_Work instructions:_ What you give back from the listing below should be an exact copy of the lines from the one with "De Gea biến" down to the one with "Bilde: © Jordan", and it should contain no pictures.

─── Material for this exercise

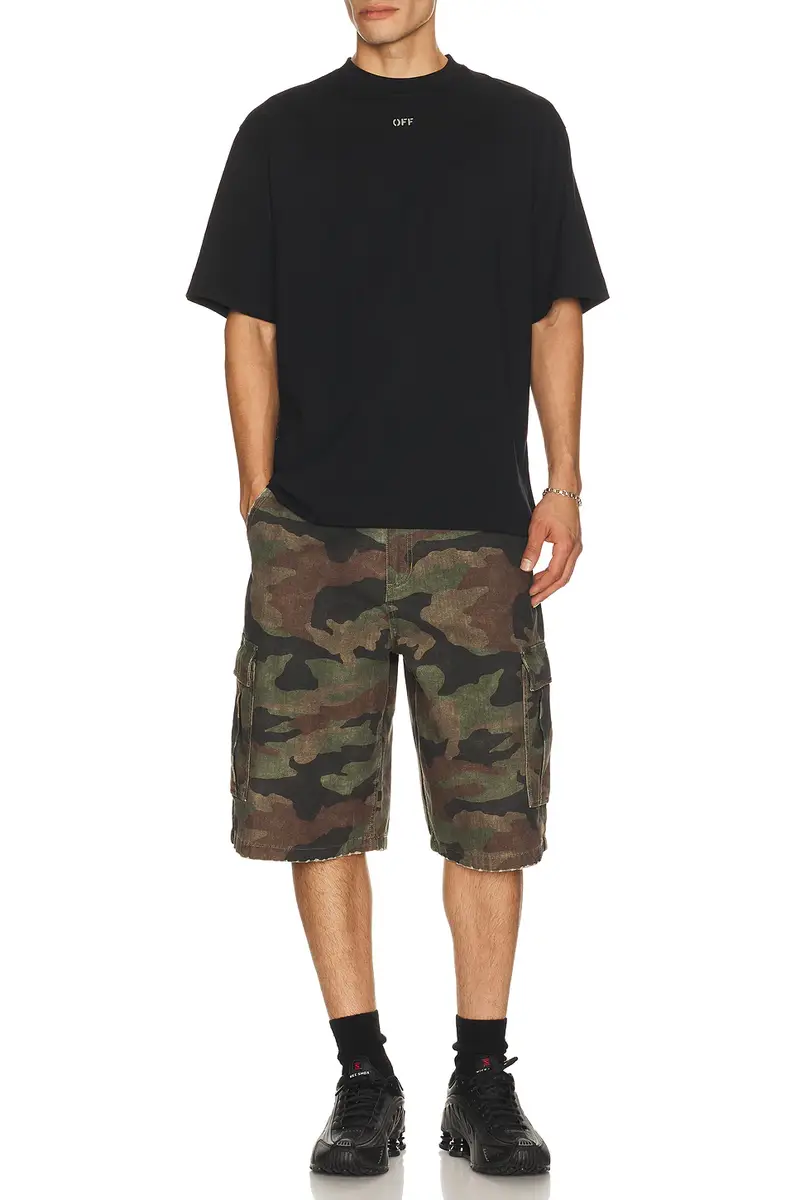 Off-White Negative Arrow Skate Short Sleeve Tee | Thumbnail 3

──────
─── Material for this exercise

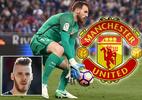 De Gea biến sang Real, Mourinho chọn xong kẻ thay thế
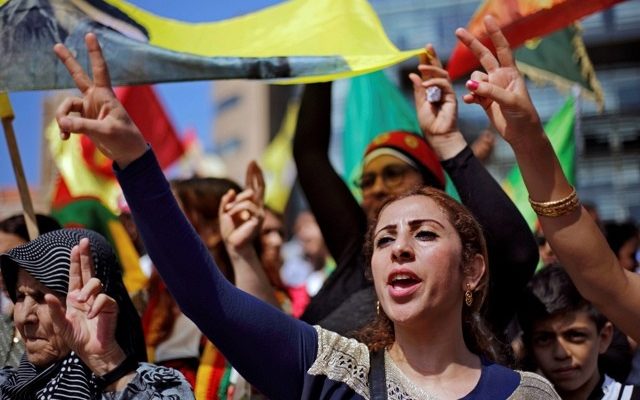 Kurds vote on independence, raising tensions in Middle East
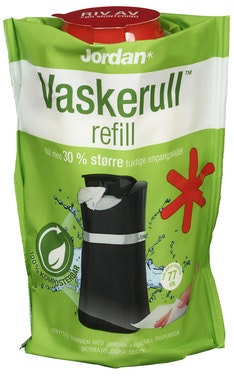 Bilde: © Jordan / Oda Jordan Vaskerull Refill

──────
─── Material for this exercise

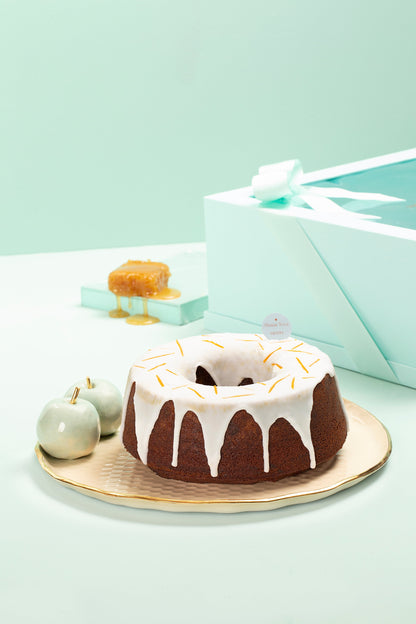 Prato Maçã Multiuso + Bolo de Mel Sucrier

──────

_Response to this task:_
 De Gea biến sang Real, Mourinho chọn xong kẻ thay thế
 Kurds vote on independence, raising tensions in Middle East
 Bilde: © Jordan / Oda Jordan Vaskerull Refill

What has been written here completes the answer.